DATA RECORDS START

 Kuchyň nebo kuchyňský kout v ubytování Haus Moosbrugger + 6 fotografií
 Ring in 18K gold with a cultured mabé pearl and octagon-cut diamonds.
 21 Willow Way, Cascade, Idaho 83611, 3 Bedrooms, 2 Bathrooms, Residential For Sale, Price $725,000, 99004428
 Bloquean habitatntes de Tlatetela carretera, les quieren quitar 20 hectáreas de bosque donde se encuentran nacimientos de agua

DATA RECORDS END
DATA RECORDS START

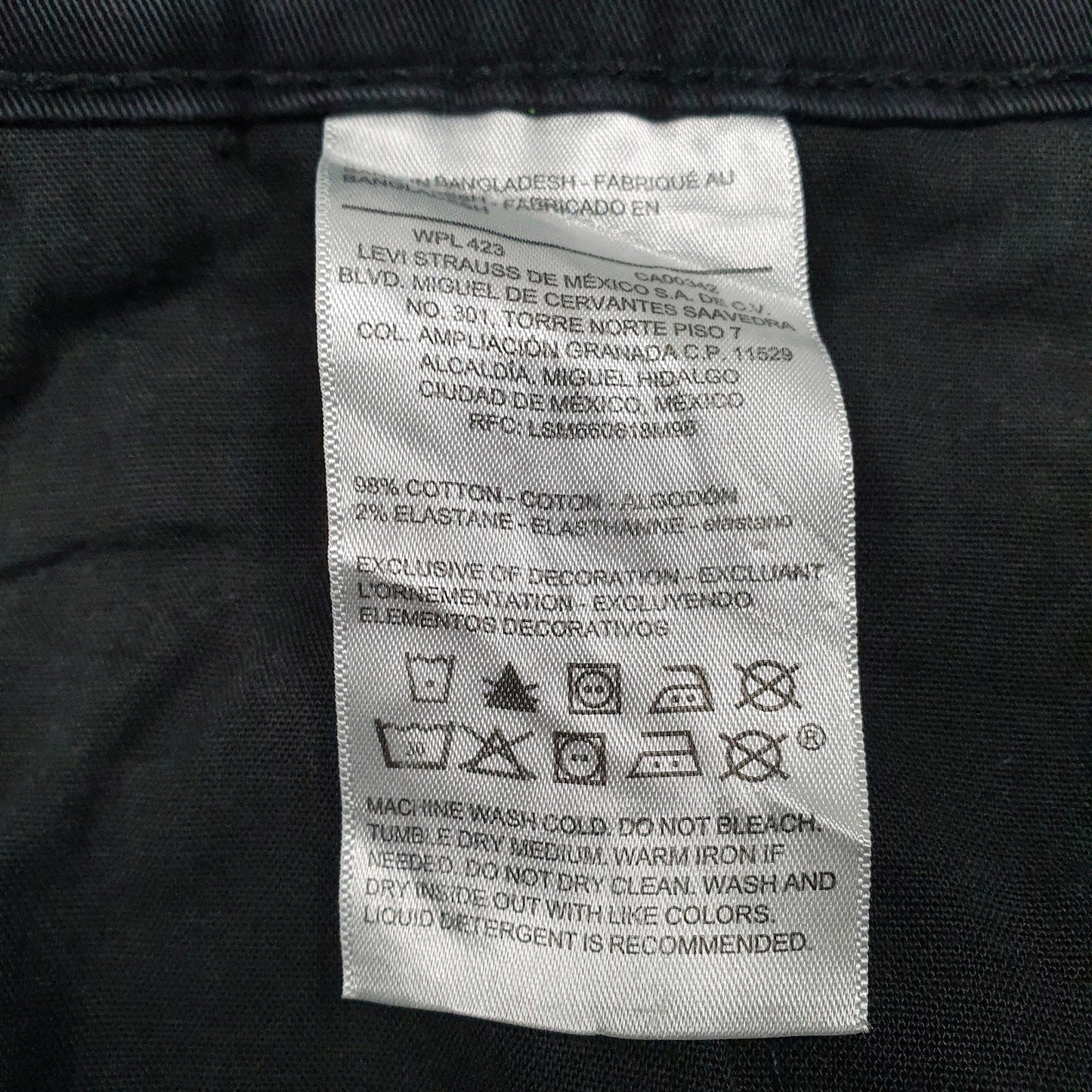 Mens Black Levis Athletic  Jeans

DATA RECORDS END
DATA RECORDS START

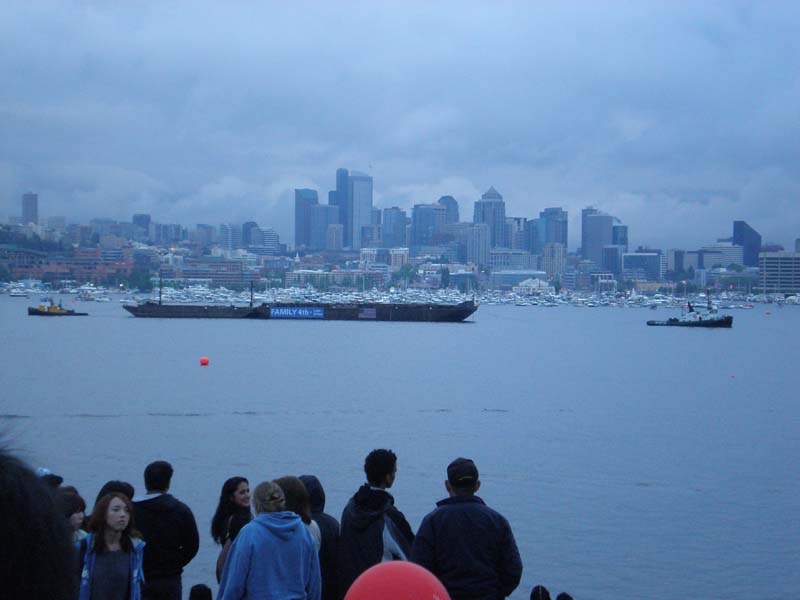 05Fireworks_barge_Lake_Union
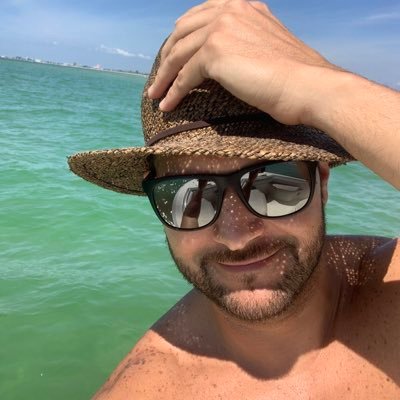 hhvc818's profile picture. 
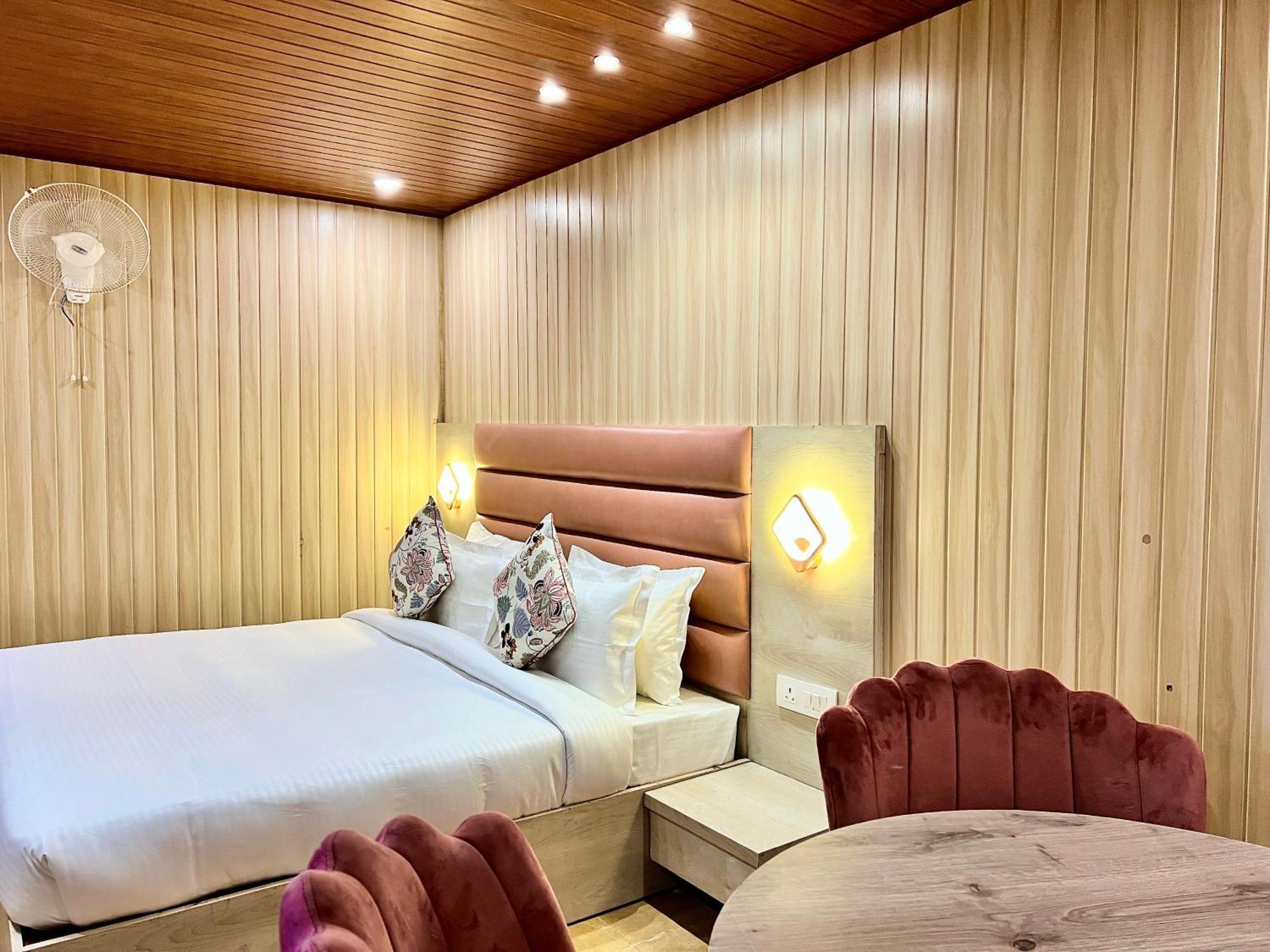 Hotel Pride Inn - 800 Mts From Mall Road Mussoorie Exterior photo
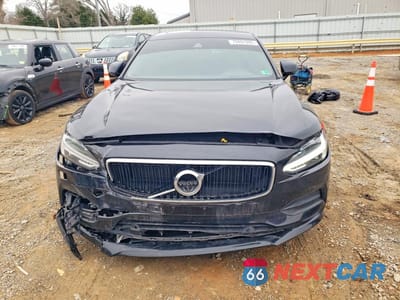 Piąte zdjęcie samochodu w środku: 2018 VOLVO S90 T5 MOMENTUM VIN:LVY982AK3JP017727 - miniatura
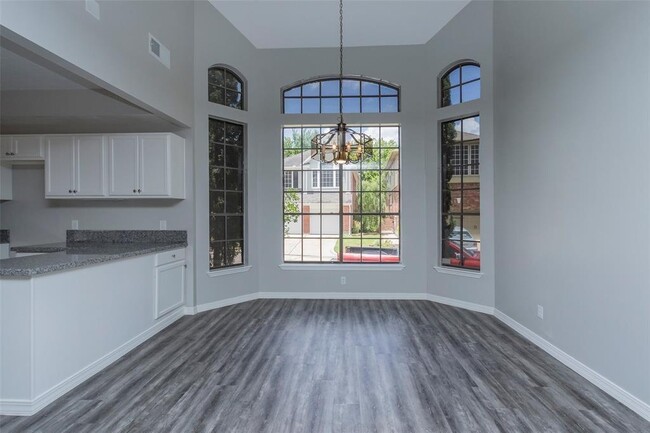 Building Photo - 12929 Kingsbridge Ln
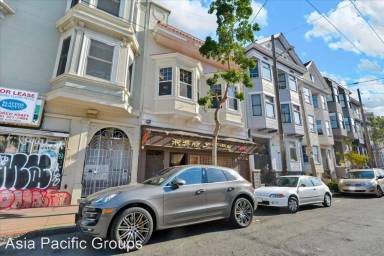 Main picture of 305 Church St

DATA RECORDS END

Only the lines from the one containing "Kuchyň nebo kuchyňský" through the one containing "Bloquean habitatntes de" are to be retyped, both boundary lines included, with no other material.

TASK RESULT:
 Kuchyň nebo kuchyňský kout v ubytování Haus Moosbrugger + 6 fotografií
 Ring in 18K gold with a cultured mabé pearl and octagon-cut diamonds.
 21 Willow Way, Cascade, Idaho 83611, 3 Bedrooms, 2 Bathrooms, Residential For Sale, Price $725,000, 99004428
 Bloquean habitatntes de Tlatetela carretera, les quieren quitar 20 hectáreas de bosque donde se encuentran nacimientos de agua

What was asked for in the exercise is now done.